Cancer Medicine (Oct 2019)
The effects and safety of PD‐1/PD‐L1 inhibitors on head and neck cancer: A systematic review and meta‐analysis
Abstract
Abstract Background Inhibitors of programmed cell death‐1 (PD‐1) and its ligand (PD‐L1) have been increasingly used in head and neck cancer therapy and reported to improve the outcomes with an acceptable safety profile. This systematic review and meta‐analysis was conducted to assess the benefit and risk of PD‐1/PD‐L1 inhibitors in patients with head and neck cancer.

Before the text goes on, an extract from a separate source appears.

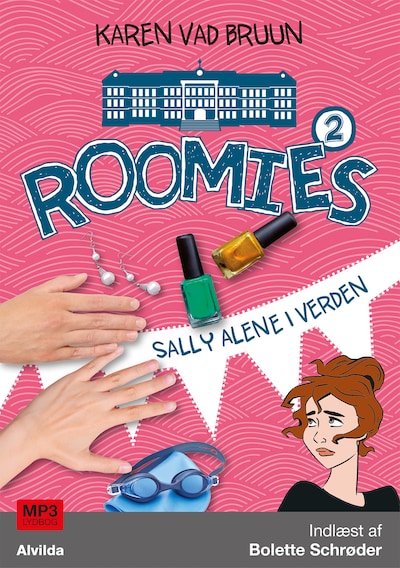Roomies 2: Sally alene i verden – omslag til lydbogen af Karen Vad Bruun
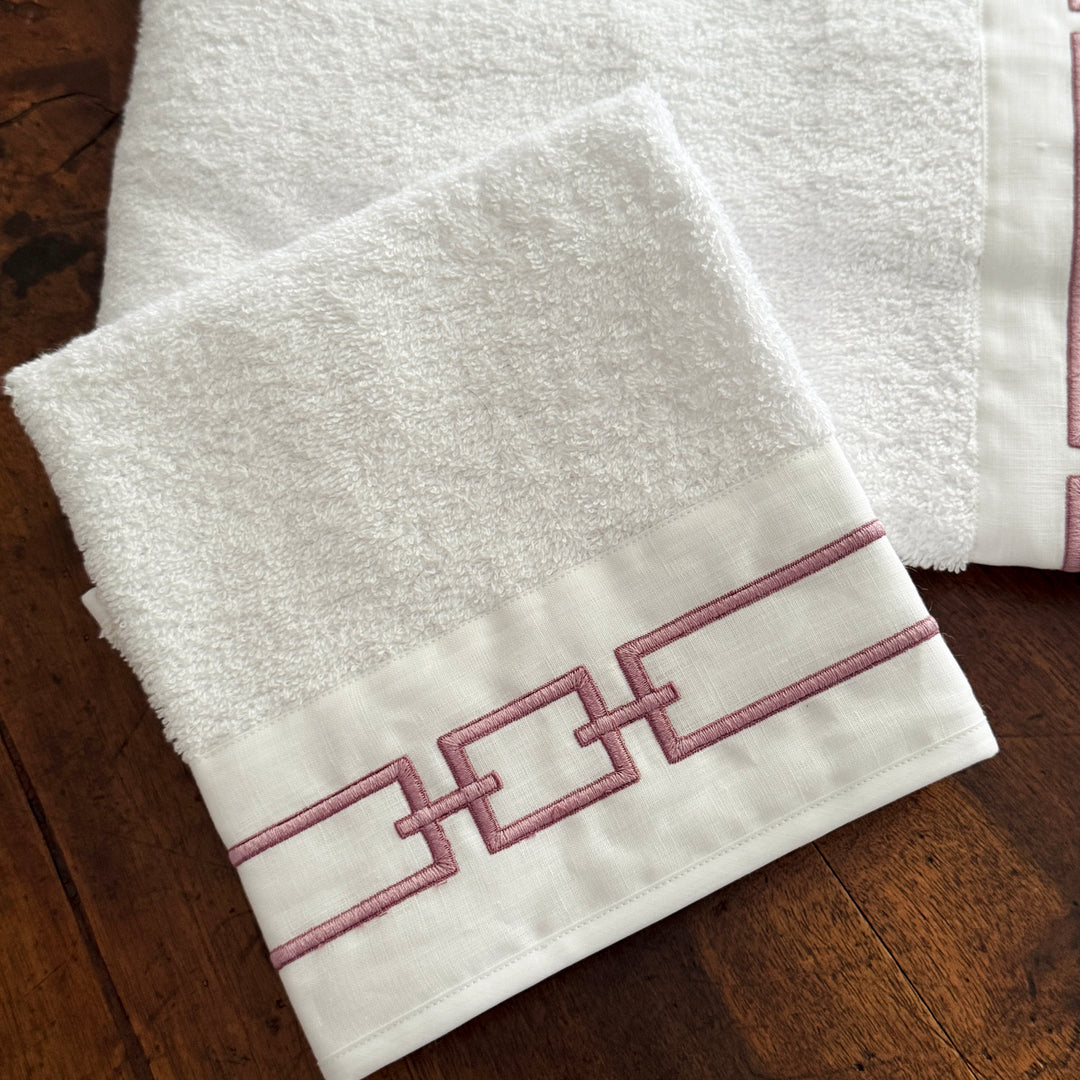 CHAINS TOWEL SET - WHITE/PINK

Method The PubMed, Cochrane Library, EMBASE and Web of Science databases were systematically searched to find potentially eligible studies up to May 30, 2019. Primary outcomes were overall survival (OS), progression‐free survival (PFS), objective response rate (ORR), disease control rate (DCR) and adverse events. Results Overall, this analysis consisted of nine eligible studies, with two randomized controlled trials and seven single arm trials. In the treatment of recurrent or metastatic head and neck cancer, PD‐1 inhibitors showed significantly lower relative risk of death than standard‐of‐care therapy (odds ratio [OR] = 0.60, 95% confidence interval [CI]: 0.44‐0.82, I2 = 0%, P = .001). Programmed cell death‐1 inhibitors also decreased the risk of disease progression, however, there was no statistically significant difference of PFS between the treatments (OR = 0.69, 95% CI: 0.48‐1.01, I2 = 0%, P = .05). Subgroup analysis showed that human papillomavirus (HPV) positive patients had higher response rates than HPV negative patients in PD‐1/PD‐L1 inhibitors‐treated population (ORR: 18.8% vs 12.2%; DCR: 42.8% vs 34.4%). The most common any‐grade and grade ≥3 treatment‐related adverse events were fatigue (14.7%, 95% CI: 12.3%‐17.1%) and aspartate aminotransferase increased (1.6%, 95% CI: 0.3%‐2.9%), respectively. Conclusion Programmed cell death‐1 inhibitors prolonged OS in comparison with standard‐of‐care therapy in recurrent or metastatic head and neck cancer patients. Human papillomavirus positive patients were superior to HPV negative patients in the treatment of PD‐1/PD‐L1 inhibitors. More phase III randomized controlled trials are warranted to confirm our findings.